- Recorded data -
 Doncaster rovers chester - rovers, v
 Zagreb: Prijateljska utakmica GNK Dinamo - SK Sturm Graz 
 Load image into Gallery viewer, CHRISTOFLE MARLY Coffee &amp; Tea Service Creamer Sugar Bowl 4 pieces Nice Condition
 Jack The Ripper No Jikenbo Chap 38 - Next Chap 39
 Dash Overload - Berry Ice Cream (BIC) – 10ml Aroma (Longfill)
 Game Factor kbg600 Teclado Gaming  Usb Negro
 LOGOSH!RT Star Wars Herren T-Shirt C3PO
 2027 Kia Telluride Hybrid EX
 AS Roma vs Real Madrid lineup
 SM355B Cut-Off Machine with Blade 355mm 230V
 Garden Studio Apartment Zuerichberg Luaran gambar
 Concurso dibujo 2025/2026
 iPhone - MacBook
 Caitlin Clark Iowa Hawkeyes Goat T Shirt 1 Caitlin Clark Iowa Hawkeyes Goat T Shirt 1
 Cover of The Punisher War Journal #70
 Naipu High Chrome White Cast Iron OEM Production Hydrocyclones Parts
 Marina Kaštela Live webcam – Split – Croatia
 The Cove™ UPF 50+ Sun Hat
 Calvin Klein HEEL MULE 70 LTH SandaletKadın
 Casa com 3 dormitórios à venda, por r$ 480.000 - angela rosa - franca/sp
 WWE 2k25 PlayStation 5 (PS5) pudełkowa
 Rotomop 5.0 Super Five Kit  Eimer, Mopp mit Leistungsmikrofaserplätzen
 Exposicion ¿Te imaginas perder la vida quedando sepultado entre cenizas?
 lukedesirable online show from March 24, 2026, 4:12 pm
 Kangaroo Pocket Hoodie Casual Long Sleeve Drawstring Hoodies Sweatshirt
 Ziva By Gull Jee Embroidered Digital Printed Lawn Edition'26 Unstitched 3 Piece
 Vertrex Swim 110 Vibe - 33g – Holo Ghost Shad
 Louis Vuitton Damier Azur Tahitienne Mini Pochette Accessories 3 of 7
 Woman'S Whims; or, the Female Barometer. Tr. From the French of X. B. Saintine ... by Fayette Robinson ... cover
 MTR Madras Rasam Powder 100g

- Exercise -
Write out the records again so that each line matches the original exactly.

- Answer -
 Doncaster rovers chester - rovers, v
 Zagreb: Prijateljska utakmica GNK Dinamo - SK Sturm Graz 
 Load image into Gallery viewer, CHRISTOFLE MARLY Coffee &amp; Tea Service Creamer Sugar Bowl 4 pieces Nice Condition
 Jack The Ripper No Jikenbo Chap 38 - Next Chap 39
 Dash Overload - Berry Ice Cream (BIC) – 10ml Aroma (Longfill)
 Game Factor kbg600 Teclado Gaming  Usb Negro
 LOGOSH!RT Star Wars Herren T-Shirt C3PO
 2027 Kia Telluride Hybrid EX
 AS Roma vs Real Madrid lineup
 SM355B Cut-Off Machine with Blade 355mm 230V
 Garden Studio Apartment Zuerichberg Luaran gambar
 Concurso dibujo 2025/2026
 iPhone - MacBook
 Caitlin Clark Iowa Hawkeyes Goat T Shirt 1 Caitlin Clark Iowa Hawkeyes Goat T Shirt 1
 Cover of The Punisher War Journal #70
 Naipu High Chrome White Cast Iron OEM Production Hydrocyclones Parts
 Marina Kaštela Live webcam – Split – Croatia
 The Cove™ UPF 50+ Sun Hat
 Calvin Klein HEEL MULE 70 LTH SandaletKadın
 Casa com 3 dormitórios à venda, por r$ 480.000 - angela rosa - franca/sp
 WWE 2k25 PlayStation 5 (PS5) pudełkowa
 Rotomop 5.0 Super Five Kit  Eimer, Mopp mit Leistungsmikrofaserplätzen
 Exposicion ¿Te imaginas perder la vida quedando sepultado entre cenizas?
 lukedesirable online show from March 24, 2026, 4:12 pm
 Kangaroo Pocket Hoodie Casual Long Sleeve Drawstring Hoodies Sweatshirt
 Ziva By Gull Jee Embroidered Digital Printed Lawn Edition'26 Unstitched 3 Piece
 Vertrex Swim 110 Vibe - 33g – Holo Ghost Shad
 Louis Vuitton Damier Azur Tahitienne Mini Pochette Accessories 3 of 7
 Woman'S Whims; or, the Female Barometer. Tr. From the French of X. B. Saintine ... by Fayette Robinson ... cover
 MTR Madras Rasam Powder 100g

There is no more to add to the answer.